I plaster on the best smile I can. "I guess."

"Well, you're no Alex Sawyer, but I reckon I'll keep you around," she sighs, placing her hand on my shoulder.

"Thanks," I say sarcastically, though I see her eyes falter.

"So that's it? That's your great big secret?"

Lying to my only friend Lewis is not an easy thing, and I feel her eyes calculating every word I speak, judging them for merit. I look away, trying not to let her see through me.

"Yup, it was supposed to be a surprise. Extra food for the winter. Sorry it didn't happen," I mutter, leaving the room quickly.

My only chance at really making Lewis happy...and I ruined it for her. If I hadn't approached Alex so suddenly, he'd still be here. Maybe she would have run into him one day...but now he's gone, forever, and there's nothing I can do.

Him and Jarrah would be the best of friends, I think sarcastically. In fact, they probably attend the same knitting club and talk about how great they are at leaving people when they're needed the most.

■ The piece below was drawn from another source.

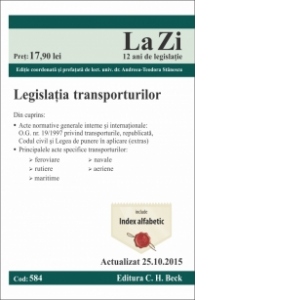 Legislatia transporturilor. Cod 584. Actualizat la 25.10.2015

I roll my eyes and bury my head into my pillow, yearning for some much needed sleep and trying to drown out Lew's quiet sounds of crying from the room next door.

***

I wake up early as usual, shaken by the same guilt that haunts my dreams nightly. The house is freezing this early in the morning, and the sun hasn't even pierced the horizon yet, making the night sky shimmer with thousands of little diamonds brighter than the deep, fallen snow that glistens beneath them. I make my way up to the main floor, careful with my footsteps not to wake the others. 

I grab some kindling and light up the wood stove in the parlour to bring some much needed heat and light to the house, something that was not necessary back in Mississippi. 

Distracting myself from the cold emptiness of the room, I stare at the flames dance across the wood. Christmas is approaching, but the festive feeling that has enveloped Preston seems bitter and uninviting to me.

I used to celebrate, too.

It was my brother, my mother, and my father, in our little apartment more than a decade ago, singing carols a little too loudly for our neighbours' taste, attending Sunday Church, and listening to my father play his saxophone like no other man could. 

We were free, then.

In a way, I'm free too, now.

It turns out that freedom isn't just the ability to make decisions on your own. To live life the way you want to, to say what you want and be who you want. No, there's more to it.